In [None]:
import matplotlib.pyplot as plt
from matplotlib import animation
import numpy as np
import ray
from ray.rllib.agents import ppo

from mdps.cliff import ContextualCliff
from utils.distributions import ConstantDistribution, ParticleDistribution, UniformDistribution

In [None]:
# some utils used later

def prepare_animation(bar_container_, context_history_):
    """Used for animated plotting sampling precedure"""
    def animate(frame_number, data=context_history_):
        # simulate new data coming in
        x = data[frame_number][:, 1]
        n, _ = np.histogram(x, HIST_BINS)
        plt.title(f'{frame_number} posterior mean: {round(x.mean(), 5)}')
        for count, rect in zip(n, bar_container_.patches):
            rect.set_height(count)
        return bar_container_.patches

    return animate


# collect expert rollout

def get_rollouts(solver_, config):
    """Generate rollouts from a given solver and MDP(c)"""
    env_ = ContextualCliff(config=config)
    done_ = False
    obs_ = env_.reset()
    # run until episode ends
    gt_obs_arr_ = None
    gt_act_arr_ = None
    while not done_:
        action_ = solver_.compute_single_action(obs_)
        obs_, _, done_, _ = env_.step(action_)
        if gt_obs_arr_ is None:
            gt_obs_arr_ = obs_
            gt_act_arr_ = [action_]
        else:
            gt_obs_arr_ = np.vstack((gt_obs_arr_, obs_))
            gt_act_arr_ += [action_]

    gt_act_arr_ = np.array(gt_act_arr_)
    return gt_obs_arr_, gt_act_arr_

def plot_rollouts(gt_obs_arr_, gt_act_arr_):
    """Plot generated rollouts"""
    fig_, ax_1 = plt.subplots()
    fig_.set_size_inches(10, 6, forward=True)

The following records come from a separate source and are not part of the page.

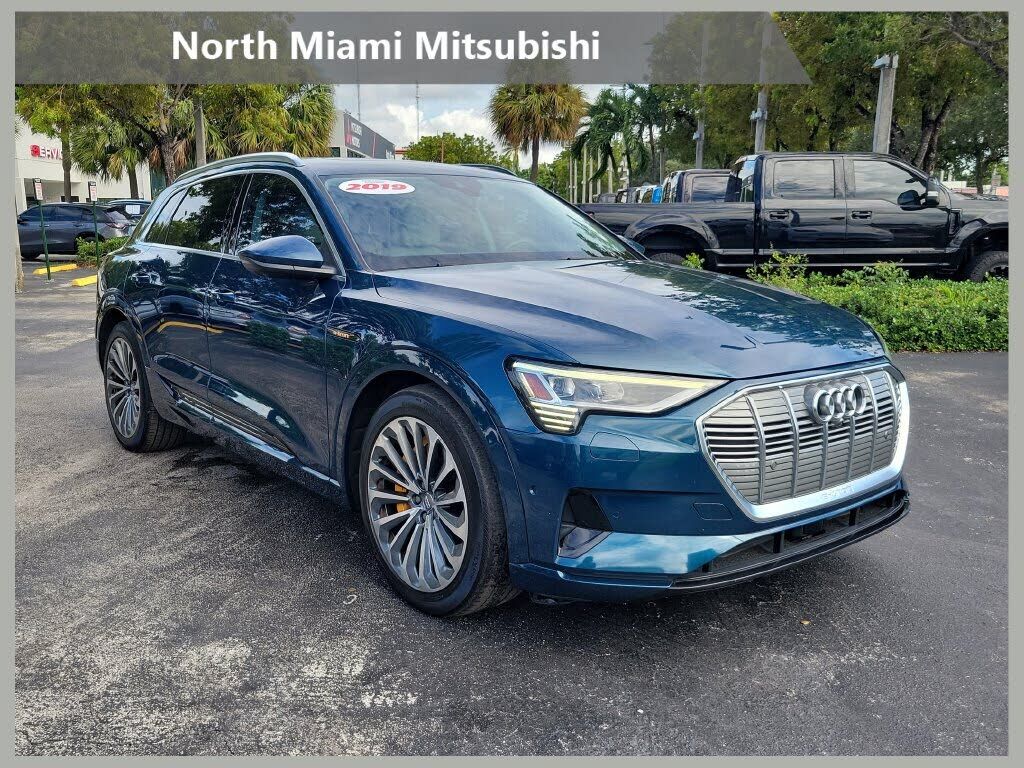 2019 AUDI e-tron
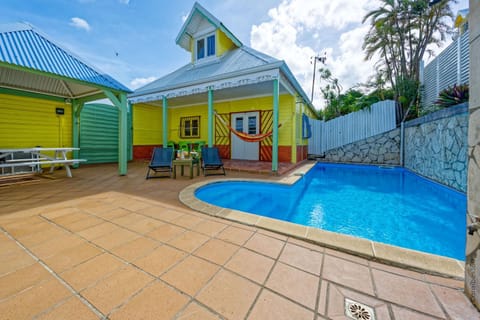 Property building, Patio, Day, Dining area, Pool view, Swimming pool, sunbed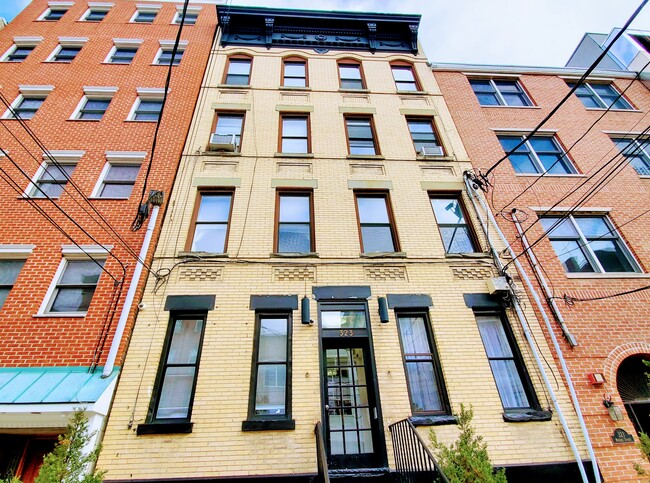 Foto del edificio - 323 Monroe St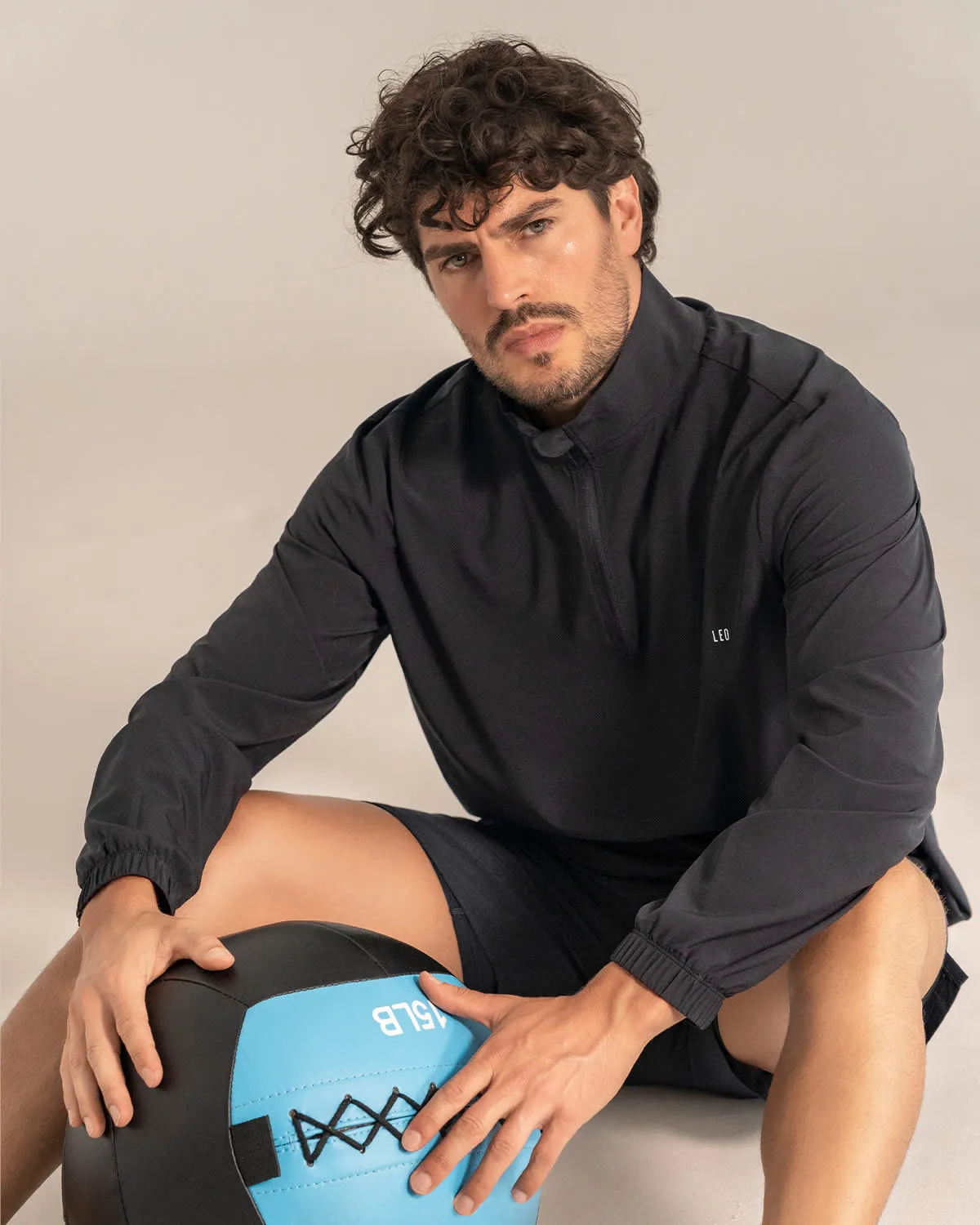 Chaqueta deportiva masculina con base textil ultrasuave y ligera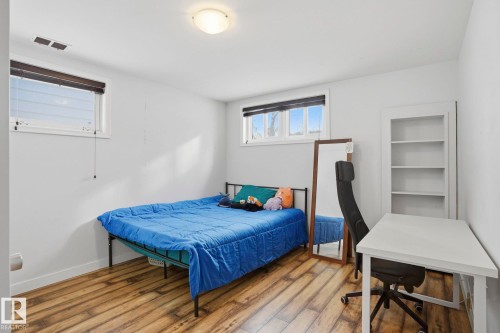 10840 74 Avenue, Edmonton, AB - Indoor Photo Showing Bedroom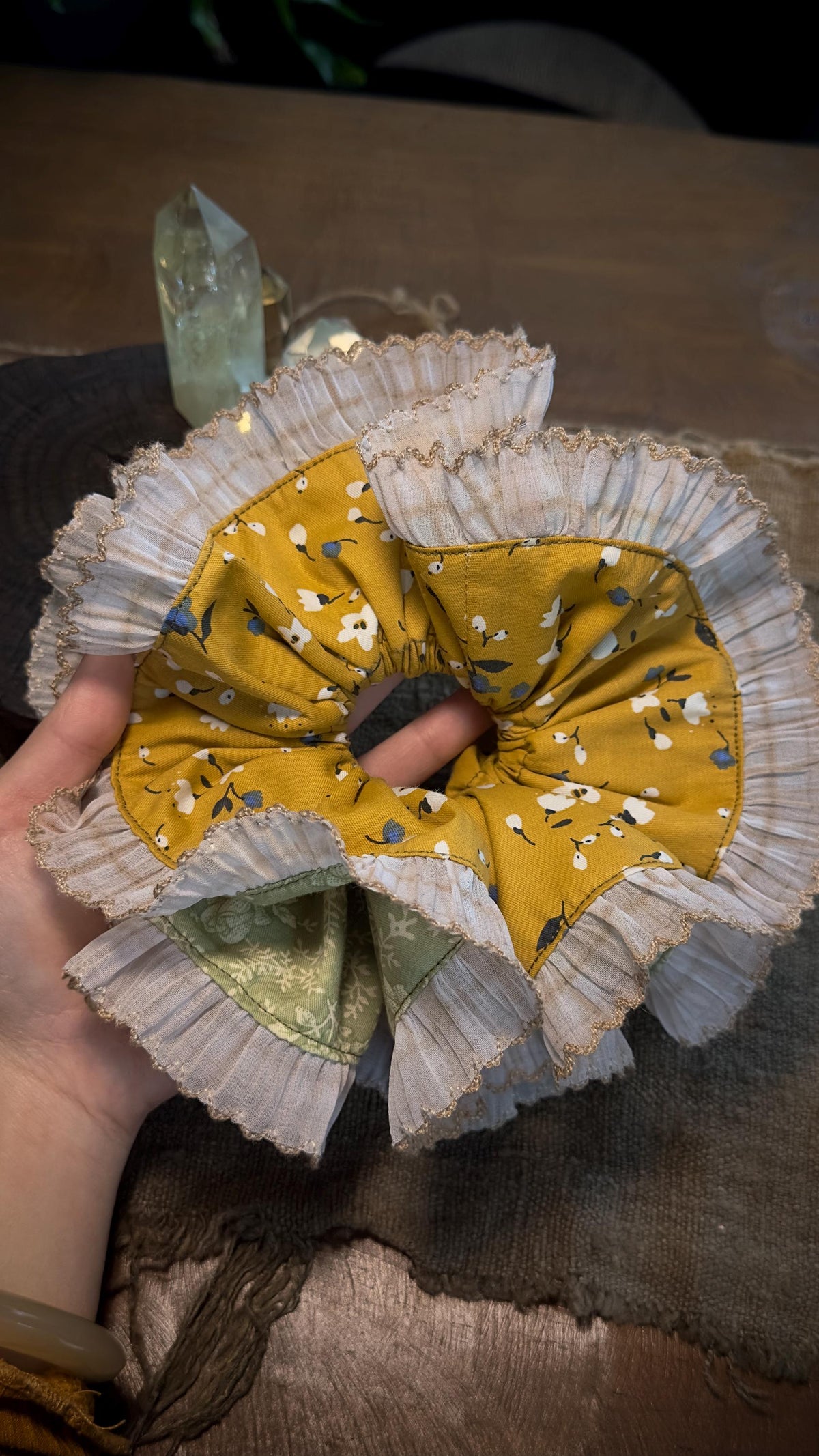 Vintage inspired reversible floral hair scrunchie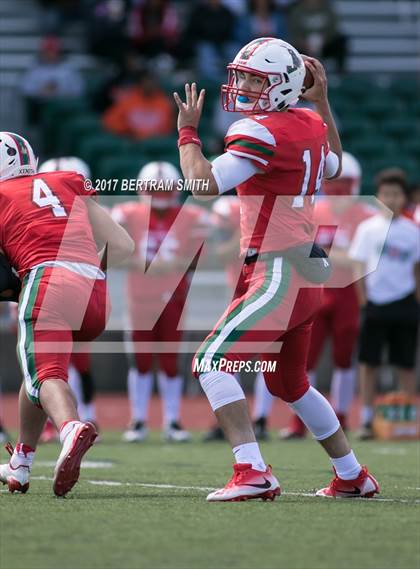 Thumbnail 1 in Hutchinson-Central Tech vs. Jamestown photogallery.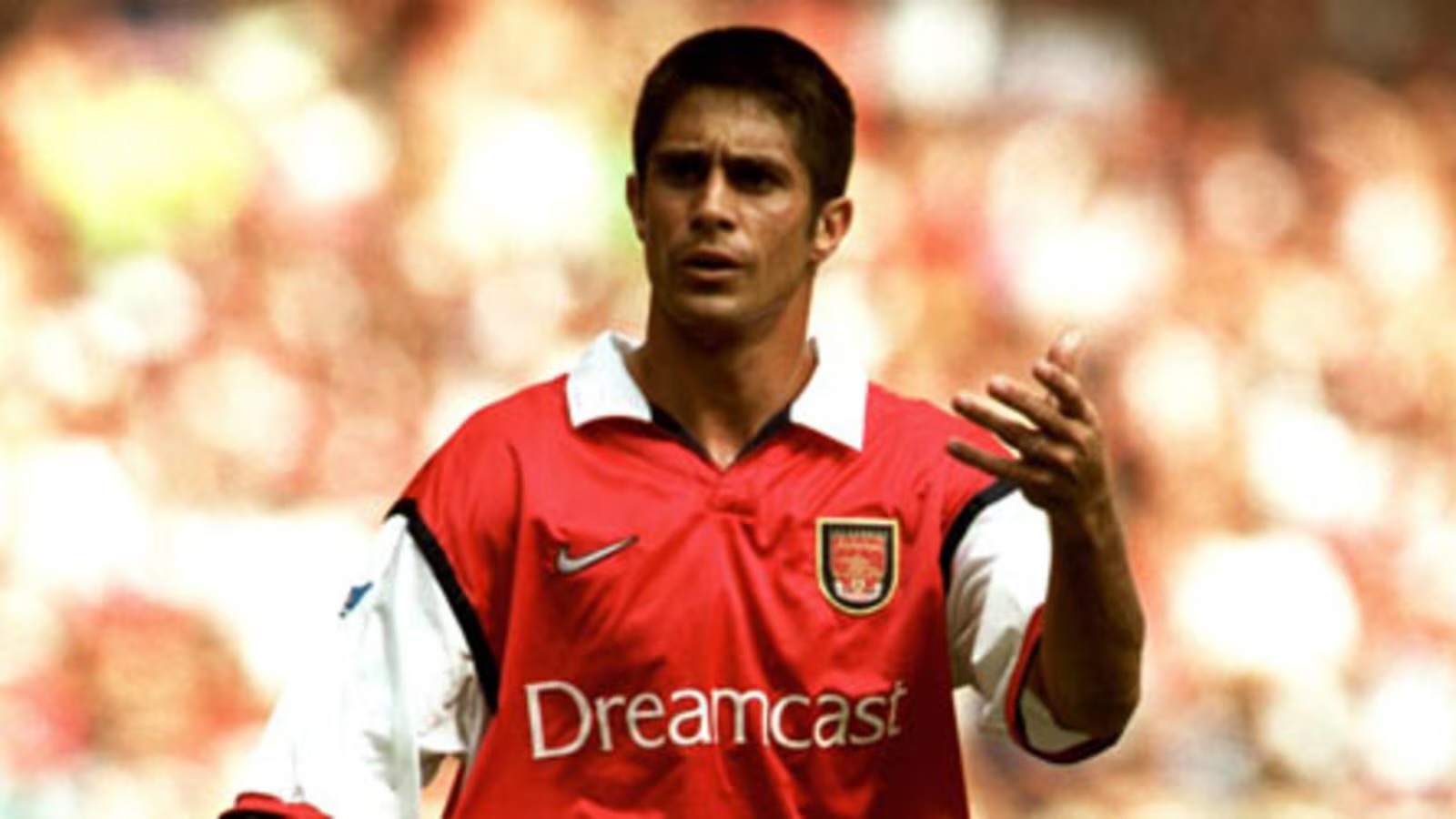 Sylvinho com a camisa do Arsenal. Foto: Divulgação/Arsenal FC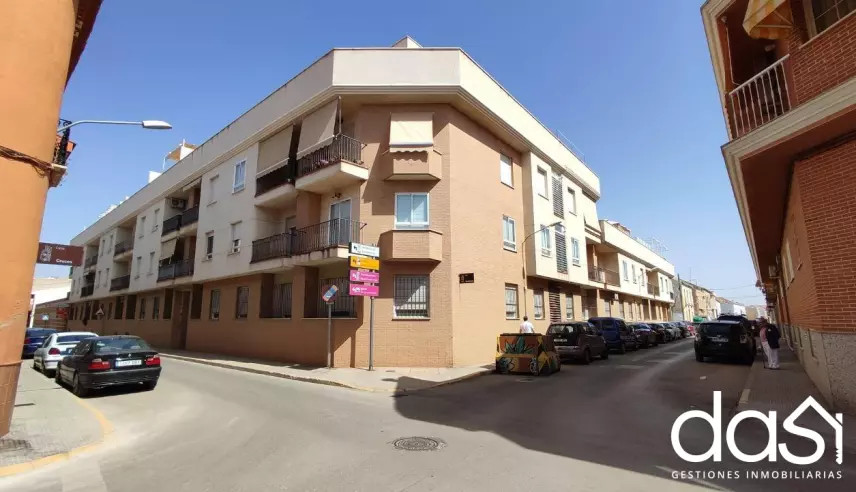 Piso en venta en Valdepeñas - Foto 1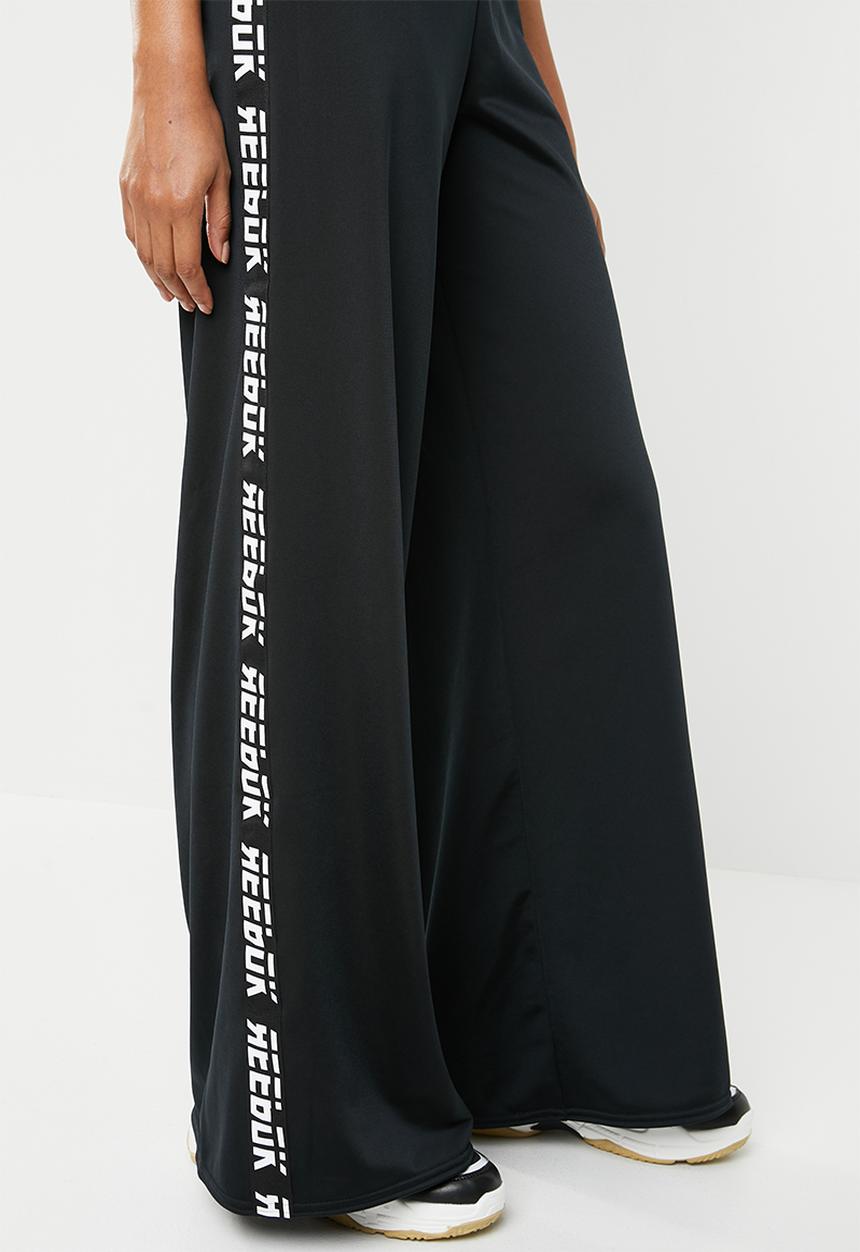 Reebok - Workout myt knit wide leg training pants - black & white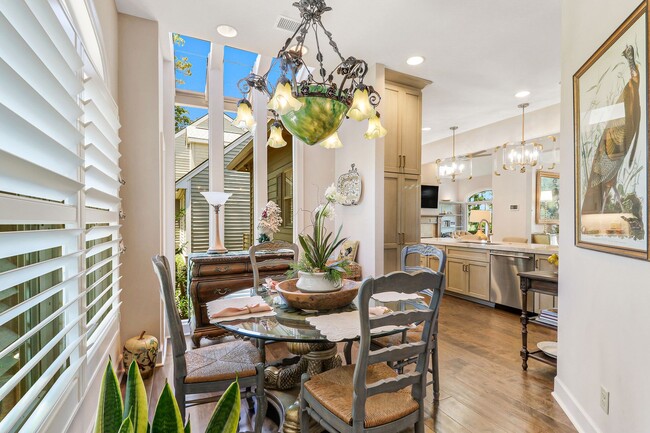 Building Photo - Spectacular Sea Pines Home - Marsh/Water Views!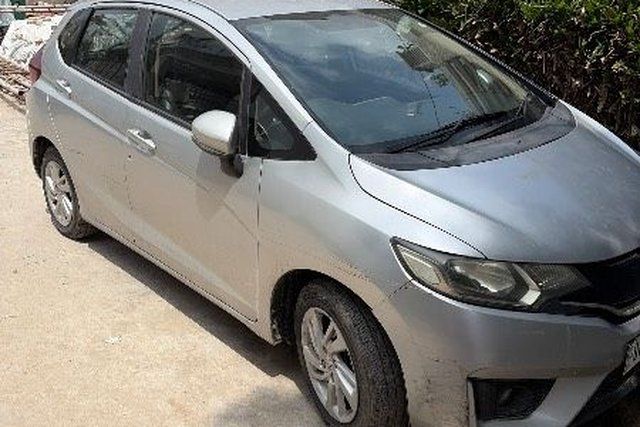 Honda Jazz 1.5 VX i DTEC Second-hand 2015 Honda Jazz 1.5 VX i DTEC for sale in Mathura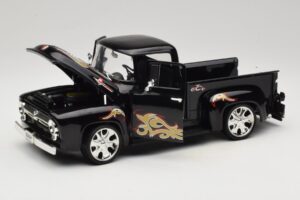 Chevrolet Old School Cody Project Truck & Chopper Set Joyride 1:18 33911 Pressofusione — immagine 2 di 8
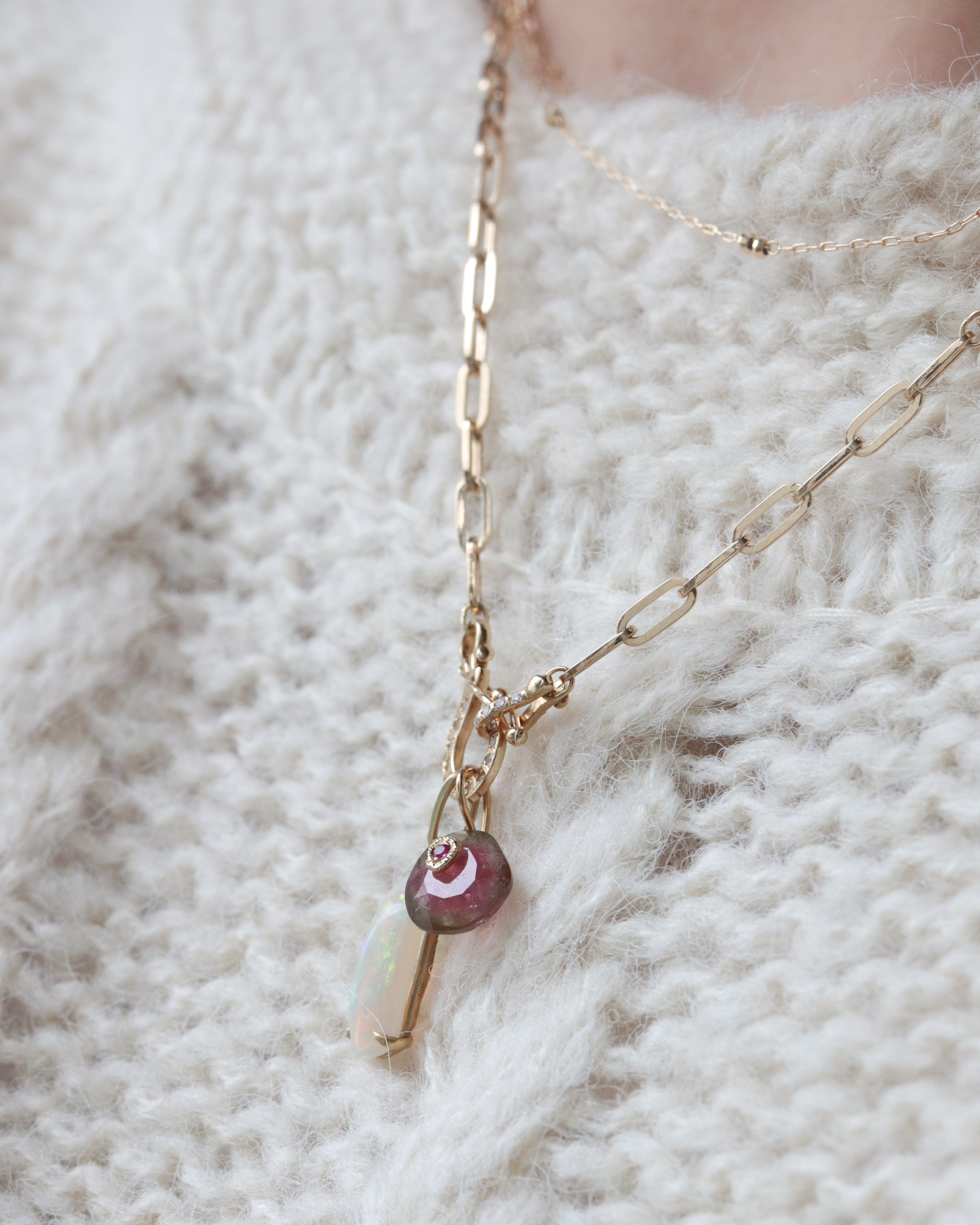 HorseShoe Prong Necklace - Opal -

    x = np.arange(start=0, stop=gt_obs_arr_.shape[0])
    ax_2 = ax_1.twinx()
    ax_1.plot(x, gt_obs_arr_[:, 0], 'r-')
    ax_2.plot(x, gt_act_arr_, 'b-', alpha=0.3)

    ax_1.set_xlabel('time step')
    ax_1.set_ylabel('Position (x)', color='r')
    ax_2.set_ylabel('Action', color='b')
    plt.title('sample observations and actions')
    plt.show()

# Contextual "cliff"

This notebook studies using particle filtering to estimate the context parameters of a standard `Cliff` environment in `mdps.cliff`.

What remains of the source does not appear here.